The equation we are interested in is x(t)=x(0)+v(0)*t+0.5*a*t^2  ....[1]

Here, x(t) is vertical position of the ball at time t;
x(0) is the initial position;
v(0) is the initial velocity (assuming the ball is thrown vertically upward, this would be the same as its initial speed);
a = 9.8 m^2/s is the gravitational acceleration
(note: we cannot mix SI units with imperial units. So, let's convert the speed from ft/sec to m/sec, or vice versa, if you are from Great Britain.)

Conversion: 1 [inch] = 2.54 [centimeter]
1 [feet] = 12 inches = 12 x 0.0254 = 0.3046 [meter]
Thus, v(0) is approximately 19.5072 [m/sec].
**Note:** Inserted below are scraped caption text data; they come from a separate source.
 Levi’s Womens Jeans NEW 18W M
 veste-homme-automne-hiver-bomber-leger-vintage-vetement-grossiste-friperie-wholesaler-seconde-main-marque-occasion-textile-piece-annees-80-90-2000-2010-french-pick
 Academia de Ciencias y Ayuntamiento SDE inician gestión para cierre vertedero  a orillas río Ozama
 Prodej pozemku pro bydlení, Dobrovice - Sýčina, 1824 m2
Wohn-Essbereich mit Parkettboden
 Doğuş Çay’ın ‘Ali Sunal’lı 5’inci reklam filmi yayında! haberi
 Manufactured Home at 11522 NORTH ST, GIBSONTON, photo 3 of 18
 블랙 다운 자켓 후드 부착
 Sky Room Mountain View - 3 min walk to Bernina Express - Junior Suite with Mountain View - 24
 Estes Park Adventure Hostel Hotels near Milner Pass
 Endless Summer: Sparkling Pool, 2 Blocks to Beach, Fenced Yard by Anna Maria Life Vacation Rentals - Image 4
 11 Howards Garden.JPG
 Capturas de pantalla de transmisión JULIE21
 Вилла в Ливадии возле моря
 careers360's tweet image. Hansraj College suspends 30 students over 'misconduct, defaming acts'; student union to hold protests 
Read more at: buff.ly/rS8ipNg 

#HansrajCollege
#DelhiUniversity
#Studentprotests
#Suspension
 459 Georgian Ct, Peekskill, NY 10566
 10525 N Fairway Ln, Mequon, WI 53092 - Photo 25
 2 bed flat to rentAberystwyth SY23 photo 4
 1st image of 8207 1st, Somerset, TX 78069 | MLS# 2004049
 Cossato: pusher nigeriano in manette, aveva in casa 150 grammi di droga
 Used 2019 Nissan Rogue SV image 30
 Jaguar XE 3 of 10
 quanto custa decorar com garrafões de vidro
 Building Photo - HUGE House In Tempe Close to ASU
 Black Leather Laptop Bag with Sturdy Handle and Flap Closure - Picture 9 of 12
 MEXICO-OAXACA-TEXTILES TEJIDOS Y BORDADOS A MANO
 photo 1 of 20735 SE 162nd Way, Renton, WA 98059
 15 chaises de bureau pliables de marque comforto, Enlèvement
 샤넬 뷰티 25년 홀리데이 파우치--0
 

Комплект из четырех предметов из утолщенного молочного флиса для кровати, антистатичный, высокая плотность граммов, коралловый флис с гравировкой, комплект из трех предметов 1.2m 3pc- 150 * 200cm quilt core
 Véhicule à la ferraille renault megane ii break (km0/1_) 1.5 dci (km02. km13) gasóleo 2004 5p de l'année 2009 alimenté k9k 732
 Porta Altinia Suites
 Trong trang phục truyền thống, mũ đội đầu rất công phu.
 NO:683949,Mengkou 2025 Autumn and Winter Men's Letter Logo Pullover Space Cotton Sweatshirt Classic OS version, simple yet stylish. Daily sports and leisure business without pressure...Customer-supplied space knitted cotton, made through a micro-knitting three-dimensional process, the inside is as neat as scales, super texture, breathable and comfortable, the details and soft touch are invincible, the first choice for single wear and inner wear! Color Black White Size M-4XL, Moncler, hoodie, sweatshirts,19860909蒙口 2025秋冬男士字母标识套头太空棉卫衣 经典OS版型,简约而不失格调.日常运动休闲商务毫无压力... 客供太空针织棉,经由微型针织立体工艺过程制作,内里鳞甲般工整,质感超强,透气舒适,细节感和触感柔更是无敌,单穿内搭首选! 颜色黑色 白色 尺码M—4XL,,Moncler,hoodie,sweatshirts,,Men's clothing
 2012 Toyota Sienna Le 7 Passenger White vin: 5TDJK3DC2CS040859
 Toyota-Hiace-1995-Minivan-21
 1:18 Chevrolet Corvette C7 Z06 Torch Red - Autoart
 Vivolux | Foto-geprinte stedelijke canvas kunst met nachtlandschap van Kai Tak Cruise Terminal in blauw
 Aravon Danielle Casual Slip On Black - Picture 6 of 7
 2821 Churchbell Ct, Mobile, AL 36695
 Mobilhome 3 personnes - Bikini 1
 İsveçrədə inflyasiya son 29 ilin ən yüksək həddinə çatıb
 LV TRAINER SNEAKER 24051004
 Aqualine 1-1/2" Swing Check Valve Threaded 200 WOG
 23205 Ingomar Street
Taking the first derivative of the distance equation in [1], we obtain the velocity equation: dx/dt = v(t) = v(0)+a*t ....[2]
(I'm not sure if you have learned this in maths or physics...but it's a good thing if you know about differentiation. Otherwise you need to commit this to memory)

At the highest position, the ball must reach an instantaneous speed of zero, since it changes direction, i.e., transitions from an upward to downward trajectory. Since we are looking at the motion path from the side, in one dimension velocity (along the vertical axis) and speed are basically the same thing.

To find the time when the ball reaches the highest position, we set the velocity dx(t)/dt = v(t) = 0 and solve for t. The ball must momentarily come to rest before it turns around and fall back down to earth.

i.e., solving for 0 = v(0) + a*t, we get t=v(0)/a, where initial velocity v(0)=19.5072 [m/sec] and gravitational acceleration "a"=9.8 [m/sec^2]. Thus, the time taken to rise to the highest point is t = 2 sec.

Recall the initial height is x(0) = 4 x 0.3046 = 1.2192 [meter].
Substituting t=2 into equation [1] gives you the maximum height.
i.e., you evaluate x(t)=x(0)+v(0)*t+0.5*a*t^2 at t=2.

Now, knowing the time when the peak is reached "t_max", and the maximum height "x_max", you have the vertex (t_max,x_max), where x_max measures the distance along the vertical axis.